Gay Marriage
A Prime Minister leading…. by following?

May 15, 2012 in General

In a New York Times survey released today, sixty seven percent of respondents believed President Obama’s decision to support gay marriage was motivated by politics, not policy.  The article goes on to talk about the concerns of White House aides worried that the sequence of events leading up to the last week’s announcement made the President appear calculated rather than principled.

If White House aides are concerned about negative perceptions surrounding President Obama’s declaration of support, it would be interesting to know if any concern is running through the minds of those closest to our Prime Minister, John Key at the moment.

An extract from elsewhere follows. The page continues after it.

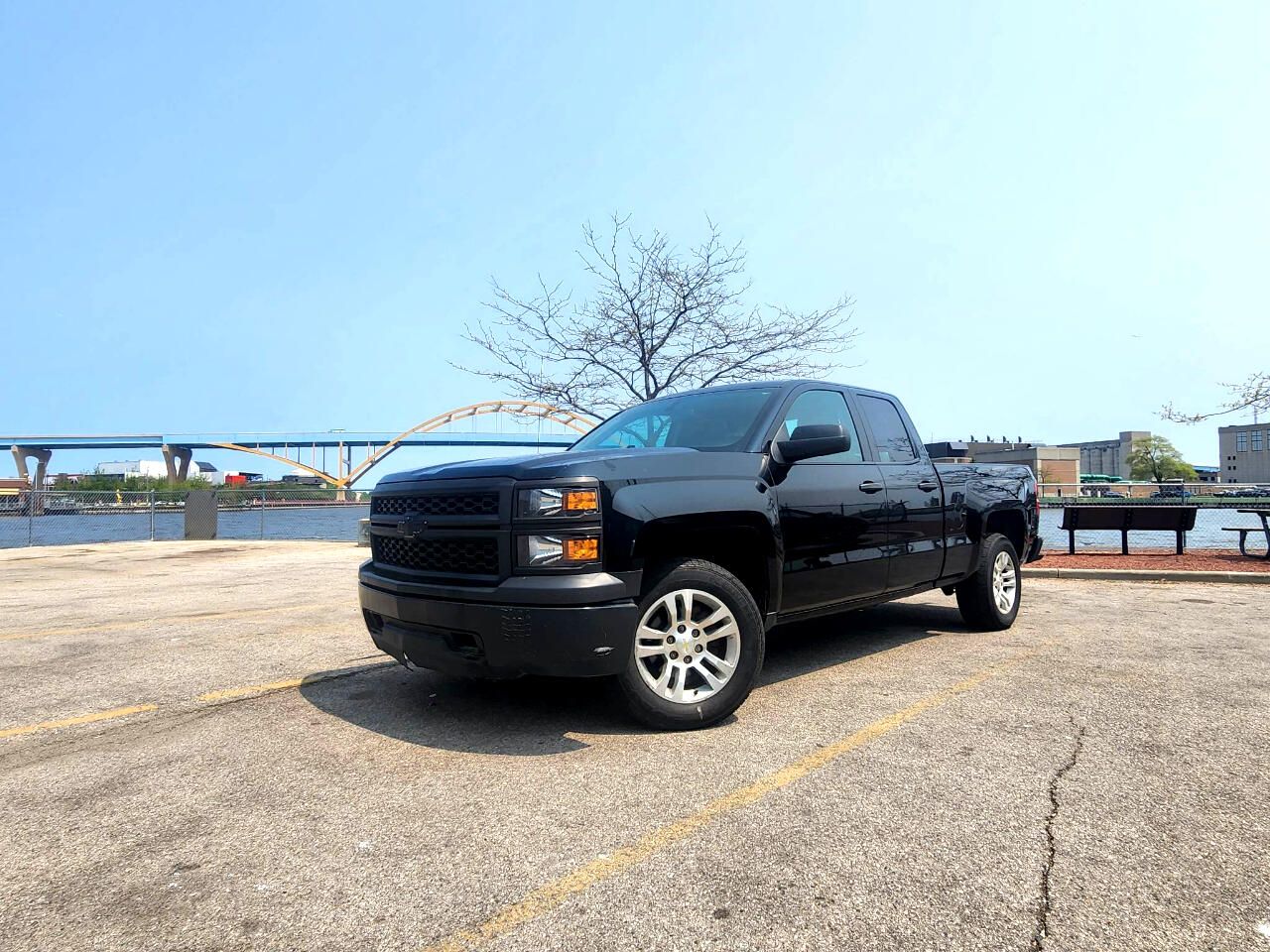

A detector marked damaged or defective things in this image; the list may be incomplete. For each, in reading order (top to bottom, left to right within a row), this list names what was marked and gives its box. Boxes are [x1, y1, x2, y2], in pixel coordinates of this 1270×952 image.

cracked asphalt [2, 539, 1270, 948]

Within hours of President Obama announcing his support for gay marriage, reports surfaced of our Prime Minister saying he was “not opposed” to gay marriage.  Further, today, the Prime Minister indicated he would support the first reading of a bill supporting gay marriage, but his government had no intention to introduce legislation to that effect.  In his view, such legislation is not a priority because of the small number of New Zealanders concerned about the issue.  If such legislation were to be introduced (as a members bill), he would not oppose the first reading, and was unsure as to how he would vote beyond that.

Whilst President Obama’s position on the issue has been kindly described as evolving (President Obama has previously indicated support for gay civil unions but not for gay marriage), how would one describe our Prime Minister’s position on the issue?  He voted against civil unions in 2003 (based on his interpretation of the views of his Helensville constituents), but then voted against legislation that defined marriage as being between a man and a woman.  Our Prime Minister’s position does not appear to be evolving as much as it is simply confusing!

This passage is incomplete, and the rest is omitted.